*** Source material Section Begins ***
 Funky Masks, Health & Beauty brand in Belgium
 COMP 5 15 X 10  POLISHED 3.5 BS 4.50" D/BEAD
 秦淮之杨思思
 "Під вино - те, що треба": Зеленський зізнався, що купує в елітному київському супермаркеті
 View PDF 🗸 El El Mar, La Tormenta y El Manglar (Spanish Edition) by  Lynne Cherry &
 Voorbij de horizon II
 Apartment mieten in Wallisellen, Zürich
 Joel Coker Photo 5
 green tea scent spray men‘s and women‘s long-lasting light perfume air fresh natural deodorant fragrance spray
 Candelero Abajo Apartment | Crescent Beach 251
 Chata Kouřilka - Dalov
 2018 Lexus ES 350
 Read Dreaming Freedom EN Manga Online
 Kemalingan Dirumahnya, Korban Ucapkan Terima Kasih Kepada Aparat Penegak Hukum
*** Source material Section Ends ***
From the line containing "Chata Kouřilka - Dalov" down to the final line of the data, write out every line exactly; both the first and last of these belong in your answer, and nothing else does.

 Chata Kouřilka - Dalov
 2018 Lexus ES 350
 Read Dreaming Freedom EN Manga Online
 Kemalingan Dirumahnya, Korban Ucapkan Terima Kasih Kepada Aparat Penegak Hukum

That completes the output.